**WHAT YOU WILL DO**
Below are records; extract exactly the lines from the one with "Chełm: Archeologowie wrócili" through the final line, including both, but drop the pictures.

**GIVEN INFORMATION**
───
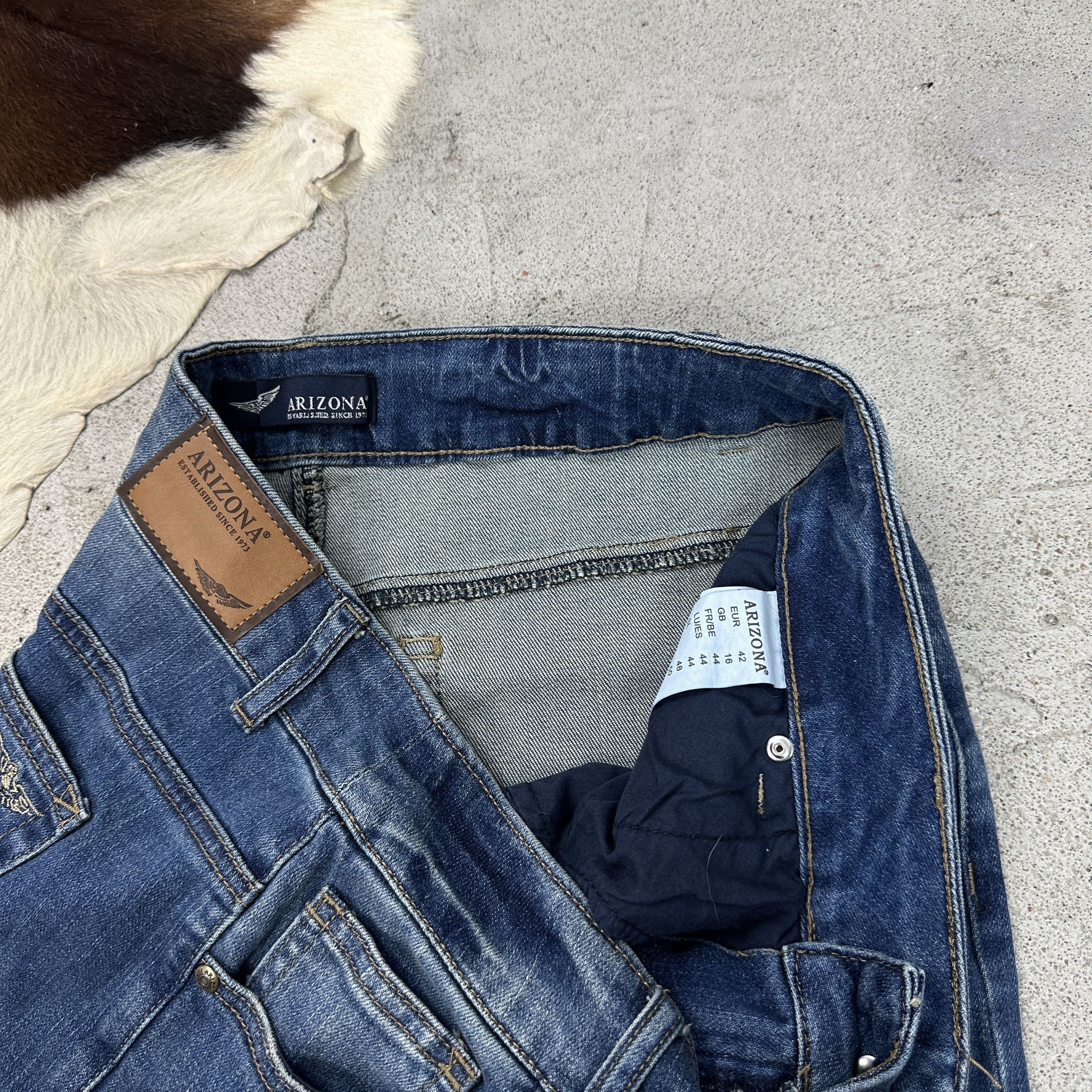 Vintage Vintage Avant Garde Preppy Old money Mini Denim Skirt 00s Size 27" / US 4 / IT 40 - 3 Thumbnail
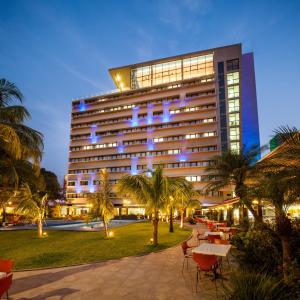duży budynek z niebieskimi światłami w obiekcie Hotel Cortez w mieście Santa Cruz de la Sierra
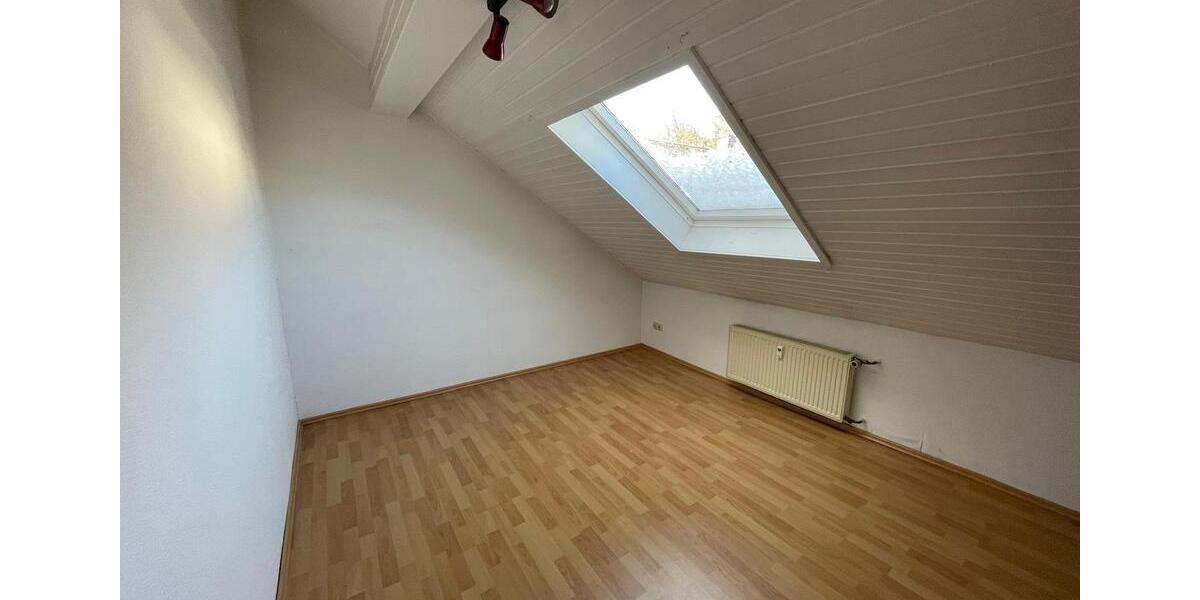 Penthousewohnung mit großem Balkon, Blick Frankfurt Skyline 5 zimmer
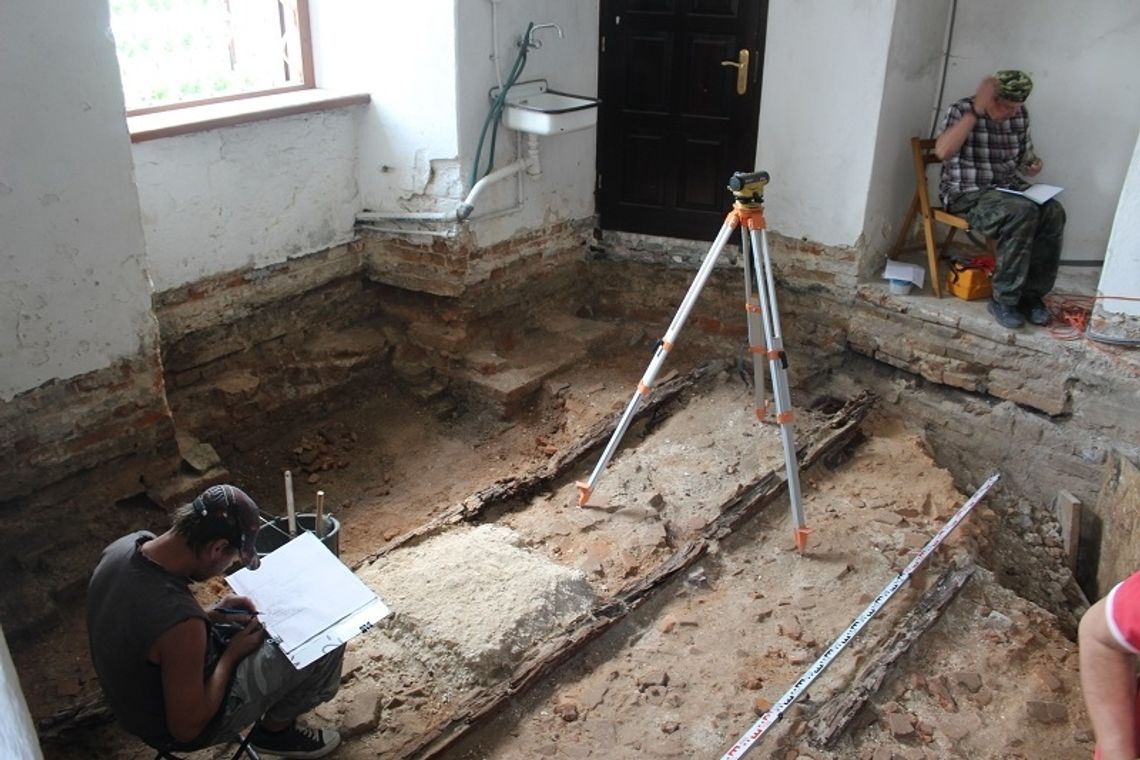Chełm: Archeologowie wrócili do podziemi Bazyliki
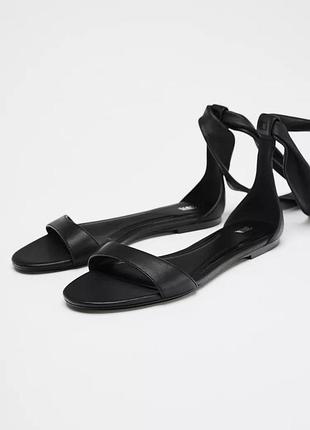 Босоніжки жіночі чорні шкіряні zara new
───
**RESULT OF THIS TASK**
Chełm: Archeologowie wrócili do podziemi Bazyliki
 Босоніжки жіночі чорні шкіряні zara new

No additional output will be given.